On Monday, during a work session of the House Judiciary Committee, an amendment tied to House Bill 4145, legislation dealing with implementation of voter-approved Measure 114, appeared to be on its way to failure.
Then something happened.
And by “something,” we mean the committee chair abruptly paused the meeting after one key “no” vote. Nearly 20 minutes later, the committee reconvened. A re-vote was called. The lawmaker who had voted “no” voted “yes.”
And just like that it passed.
Totally routine.
Rep. Jason Kropf, a Democrat from Bend and chair of the House Judiciary Committee, is a chief sponsor of HB 4145. The bill outlines how Measure 114, Oregon’s controversial gun control measure passed in 2022 and stalled in court, would be implemented.
During the committee session, Rep. Thủy Trần, a Democrat from Portland, voted “no” on a key amendment. Legislative video shows Kropf audibly inhaling and then abruptly pausing the meeting before all members had finished voting.

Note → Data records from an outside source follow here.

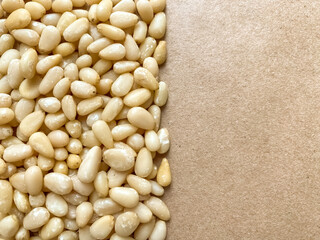 Peeled pine nuts on kraft paper background with blank space for text, copy space. Top view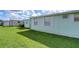 Side view of mobile home with storage shed and grassy yard at 5330 Vera St, Zephyrhills, FL 33542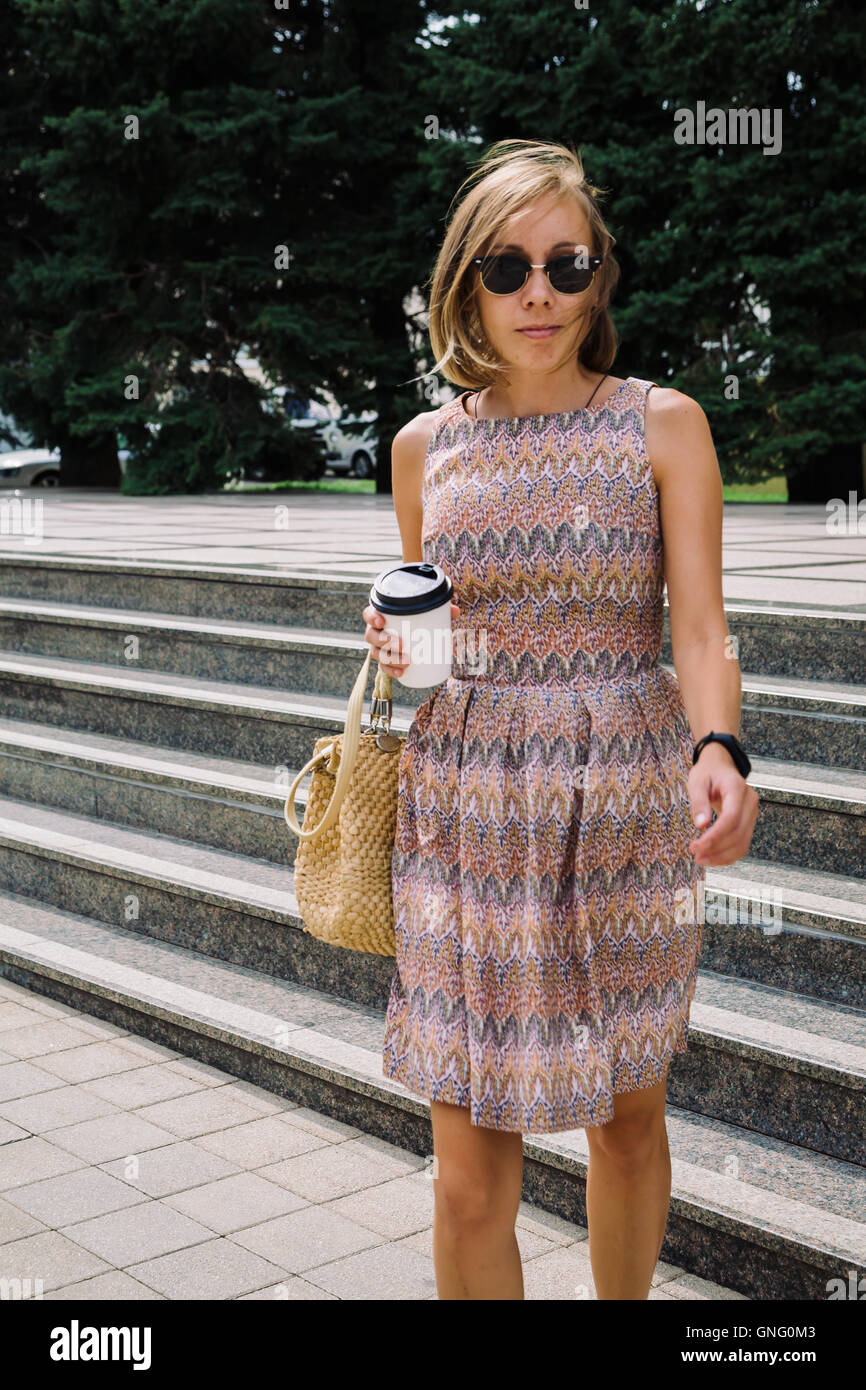 Donna elegante con caffè per andare a piedi verso il basso i passi in posizione di parcheggio Foto Stock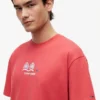 T-shirt Tommy Jeans con logo Multi-Crest T-shirt Tommy Jeans con logo Multi-Crest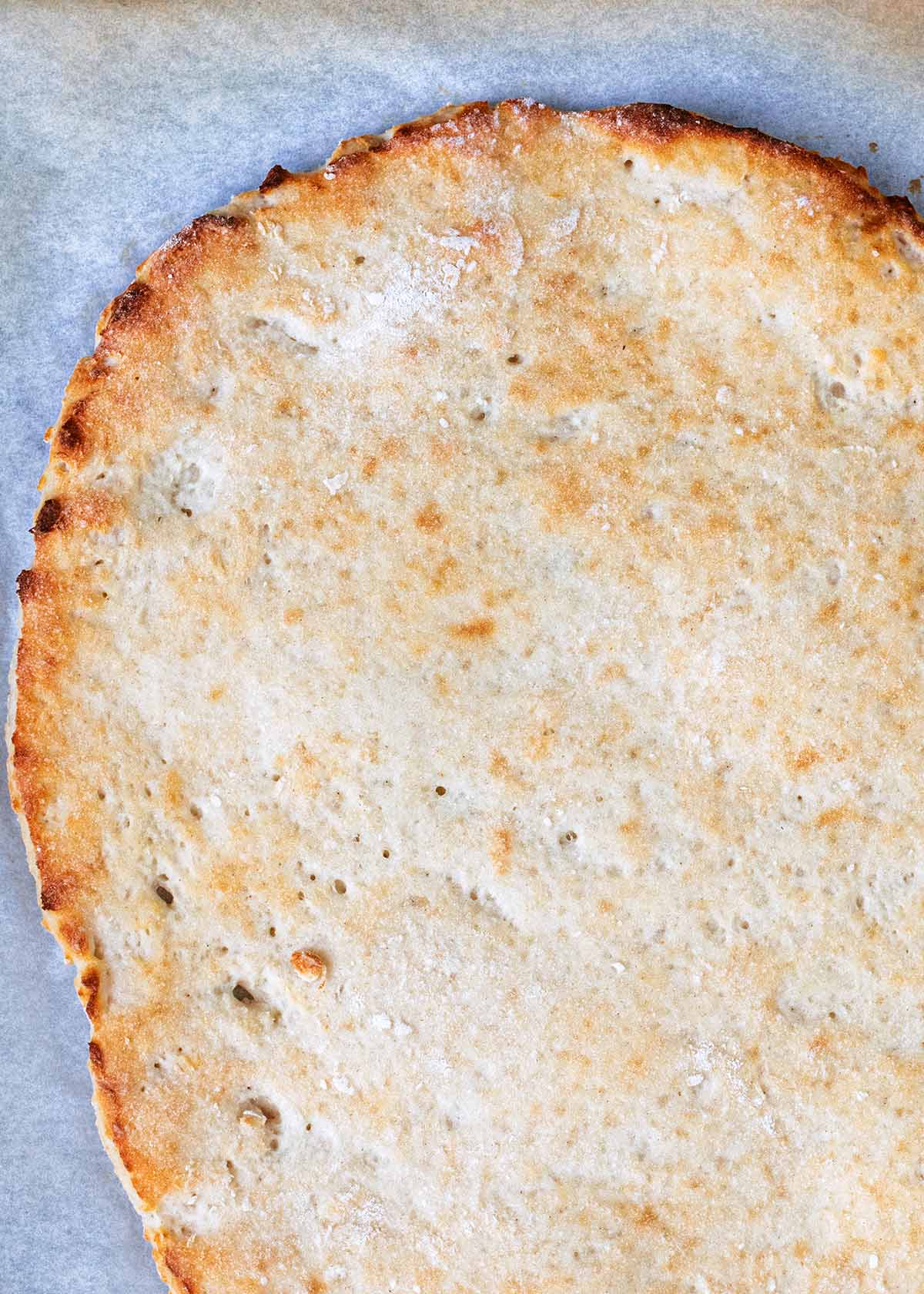 A pizza crust on a sheet of baking paper.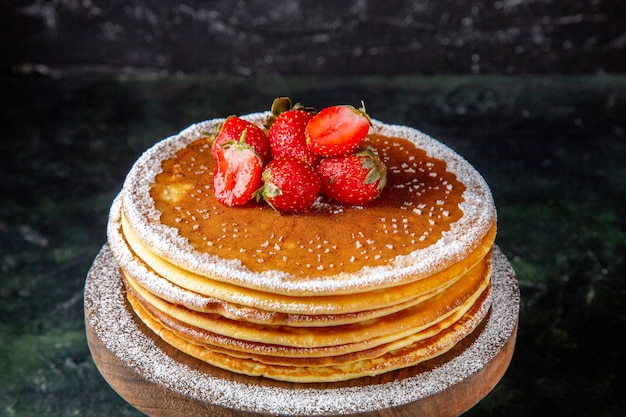 Vue de face délicieux gâteau au miel avec des fraises fraîches sur une planche de bois ronde surface sombre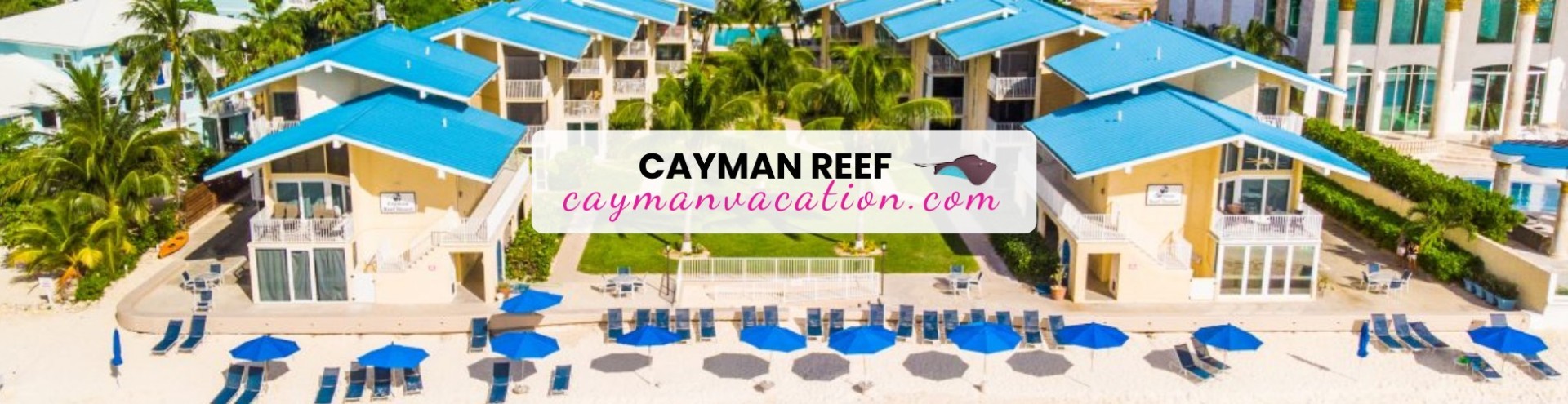 Aerial view of a beachfront resort with blue-roofed villas, palm trees, and rows of blue umbrellas and lounge chairs on the white sand.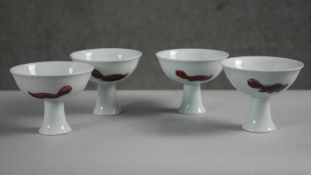 Four Chinese 19th century Kangxi style porcelain stemmed bowls decorated with oxblood glaze fish.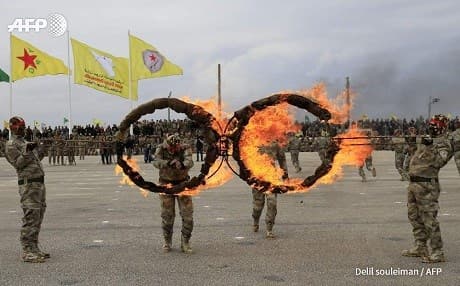Members of the Self-Defence Forces take part in a graduation ceremony in the Qamishli area last month. Photo: Delil Souleiman/AFP
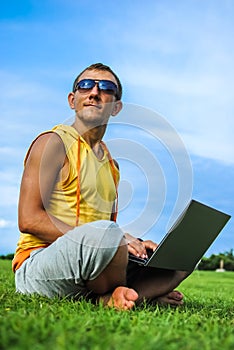 Young man sitting on the grass and working with laptop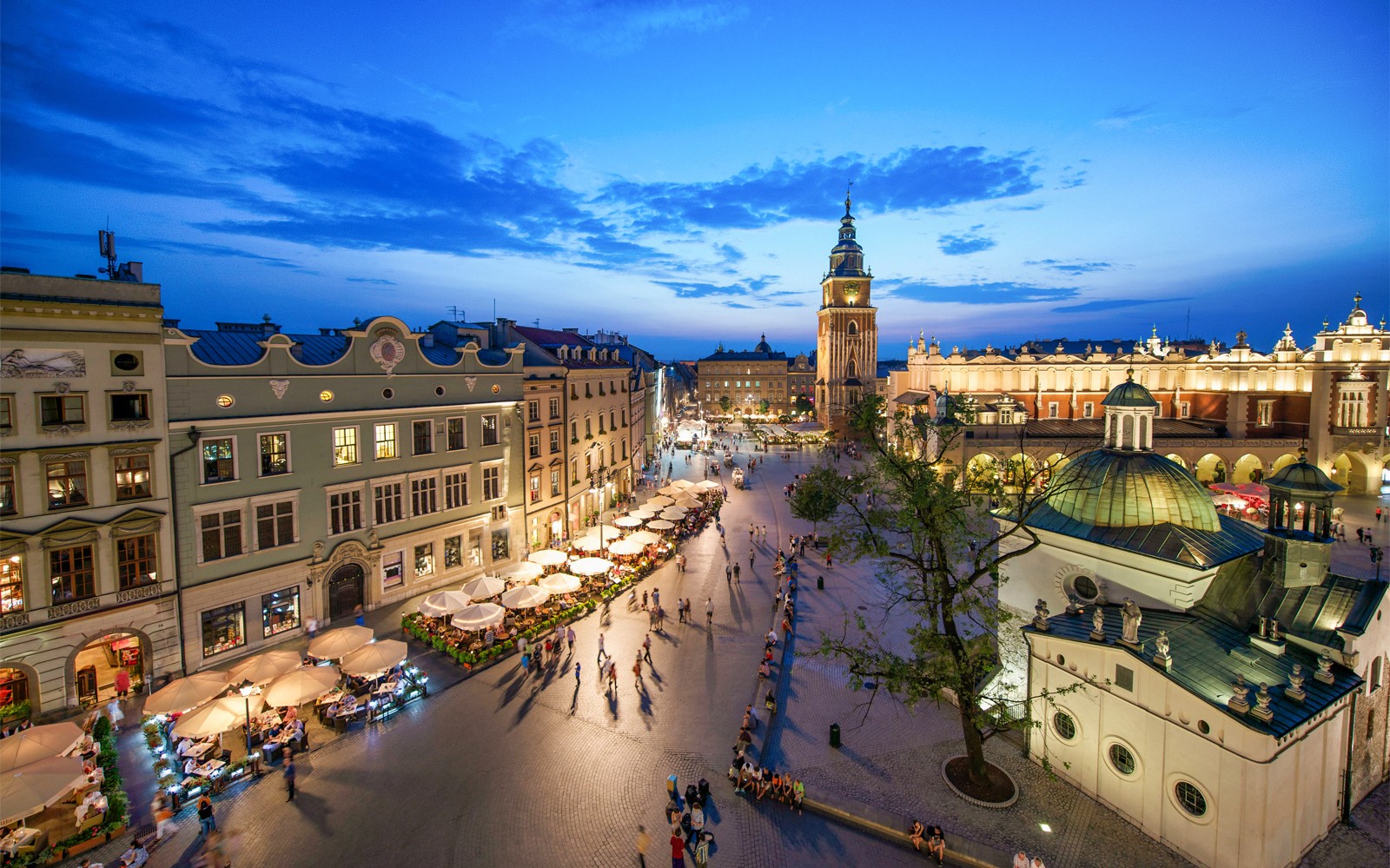 De Grote Markt van Krakau in de schemering met de Mariakerk en de Lakenhal, gezien van bovenaf.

Without Trần’s support, the amendment would not have advanced.
So the meeting stopped.
According to a complaint later filed with the Legislative Equity Office by gun rights advocate Derek LeBlanc, Kropf and Trần stepped outside the room. The complaint alleges Trần was left visibly shaken and in tears after the interaction. It also claims Kropf threatened her and refused to accept her initial “no.”
Kropf has denied wrongdoing and said he holds deep respect for Trần, declining to comment further because of the open complaint.
Of course.
A clock in the committee room shows roughly 20 minutes passed before the meeting resumed.
Then came the re-vote.
Trần appeared confused, asking, “Didn’t we just vote on it already?”
Kropf replied that he had asked for a recall of the vote.
Again.
After several pauses and visible hesitation, Trần switched her vote to “yes.” She later voted “yes” on the overall bill.
The amendment passed.
Funny how that works.
Republican Rep. Alek Skarlatos addressed the situation on the House floor without naming names, but the target seemed obvious.
“We’ve almost gotten physical on a few occasions,” Skarlatos said of heated debates among Republicans. “But one of the things we would never do is pull a member out of a committee or off the floor and ask them to change their vote.”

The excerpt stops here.